The short and sweet but thoroughly enjoyable, highly educational, and most definitely weight gaining two-hour experience runs every Saturday from 3.30 to 5.30 pm (minimum 4 to go) and is priced at $120/-. For more information, and bookings, please visit https://indiesingapore.com/tour/whiskueh/.

Chinese Cake.
Traditional Teochew kueh from top and clockwise: png/tao kueh (饭/桃粿); soon kueh (笋粿); and chi-kak kueh (鼠壳粿) – served at the Chui Huay Lim Club.

What is kueh?

The word kueh in Singapore is used to describe many types of snacks or even dishes. Kueh can be colourful, but can also be rather colourless. Kueh can be savoury, but are more often than not sinfully sweet. Locally, the word is often translated as “cake” or “pastry”. It however is hard to really translate what a kueh actually is, and describing any kueh as a cake, does not in my opinion do any kueh justice. While the word kueh may be Chinese in origin, the use of that single syllable extends also the rich array of locally adapted and created kueh, or kuih in Malay, that reflect regional tastes and flavours, and ingredients used in the region.
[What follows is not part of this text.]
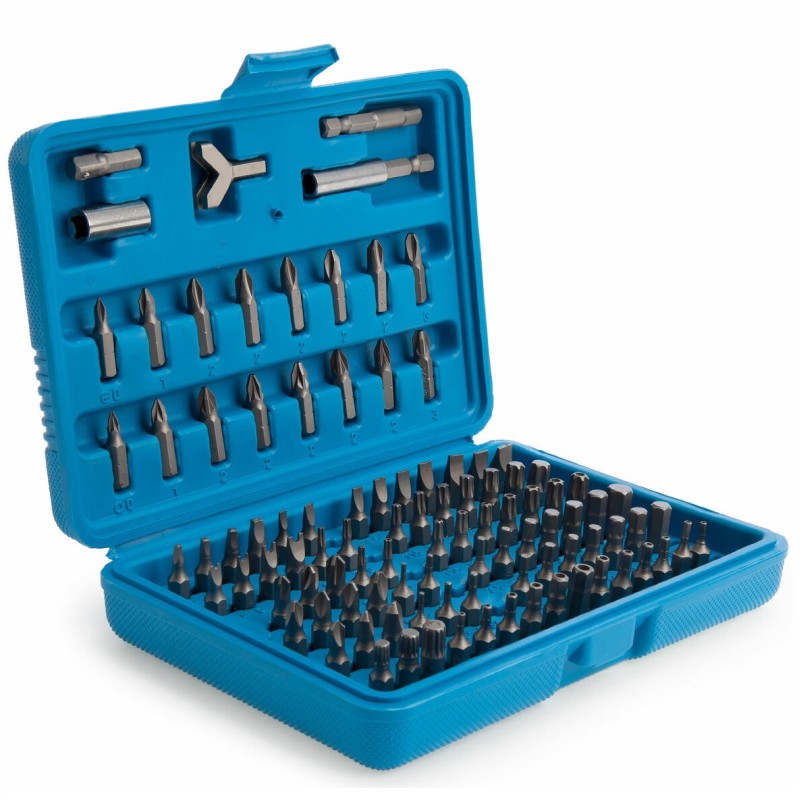 Blue Spot Tools Screwdriver and Security Bit Driver Set 14153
The origin of the word is in the Minnan languages such as Hokkien or Teochew, which was spoken by a large majority of Chinese immigrants to Singapore and the region and amongst who were some of the earliest Chinese settlers in the region. The Minnan word kueh (粿), describes types of snacks that are usually made from glutinous rice flour. Here however, sweet potato flour, and even mung bean flour — known locally as tepung hoon kueh (hoon kueh being Minnah for “kueh flour” and tepung, the Malay word for flour) is also used. Some examples of traditional Chinese kueh includes savoury steamed rice “water cakes” or chwee kueh (水粿) and chai tow kueh (菜头粿) or carrot (more accurately “radish”) cake and soon kueh (笋粿). Sweet(ish) kueh includes huat kueh (发粿) or “prosperity cake”, often used for prayer offerings, and ang ku kueh (红龟粿).

The hard to resist durian pengat, which surprisingly goes well with the stronger whiskies.